GIVEN DATA
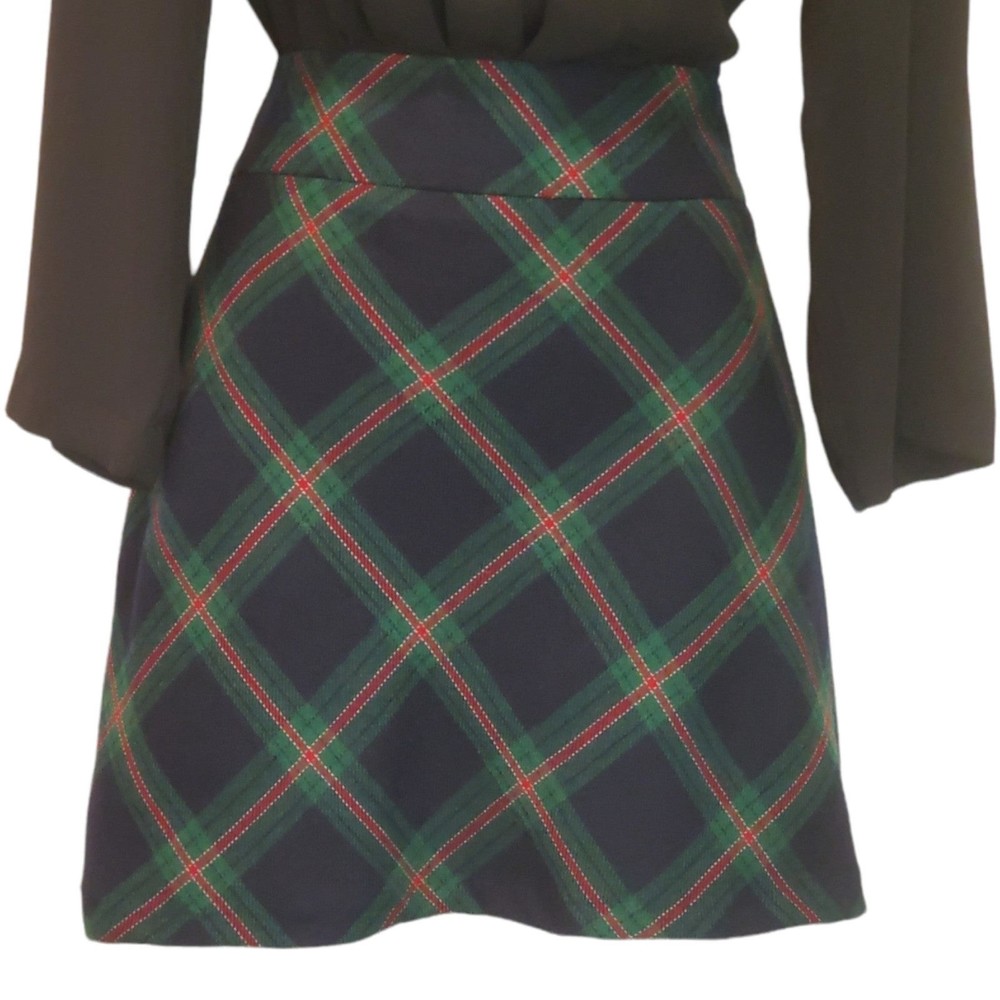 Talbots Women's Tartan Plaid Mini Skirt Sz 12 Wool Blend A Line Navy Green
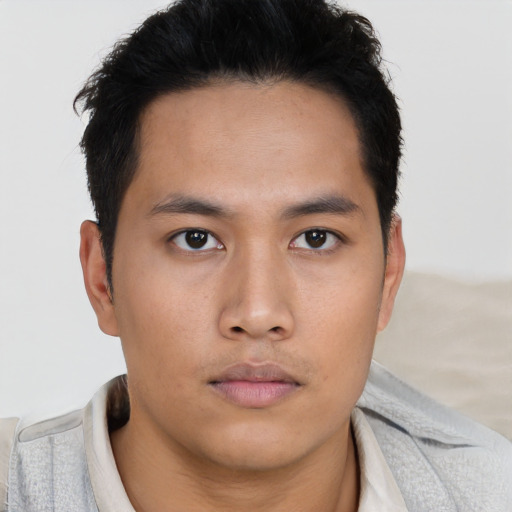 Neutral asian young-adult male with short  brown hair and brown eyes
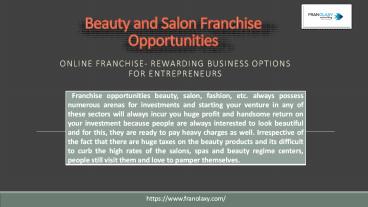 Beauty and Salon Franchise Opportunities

...

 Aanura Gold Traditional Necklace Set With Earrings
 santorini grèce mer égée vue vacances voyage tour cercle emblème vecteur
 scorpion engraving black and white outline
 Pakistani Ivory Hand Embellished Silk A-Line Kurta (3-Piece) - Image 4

...

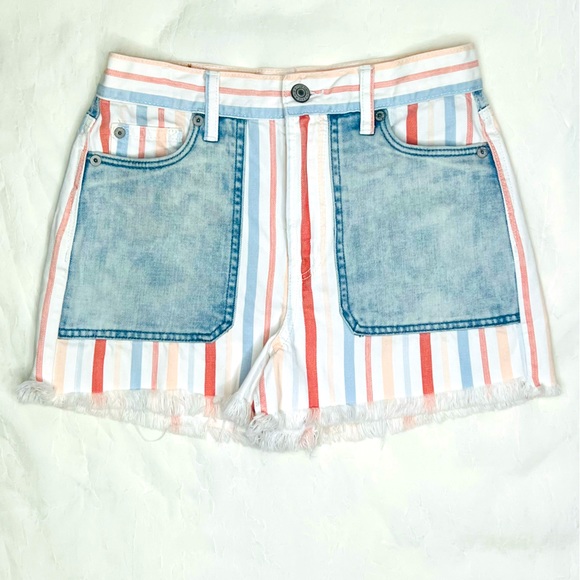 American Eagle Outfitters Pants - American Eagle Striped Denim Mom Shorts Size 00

TASK PROMPT
Set down again, exactly, every line above from the one with "Talbots Women's Tartan" down to the one with "Beauty and Salon Franchise Opportunities", both ends included. No pictures, and nothing else.

WRITTEN REPLY
 Talbots Women's Tartan Plaid Mini Skirt Sz 12 Wool Blend A Line Navy Green
 Neutral asian young-adult male with short  brown hair and brown eyes
 Beauty and Salon Franchise Opportunities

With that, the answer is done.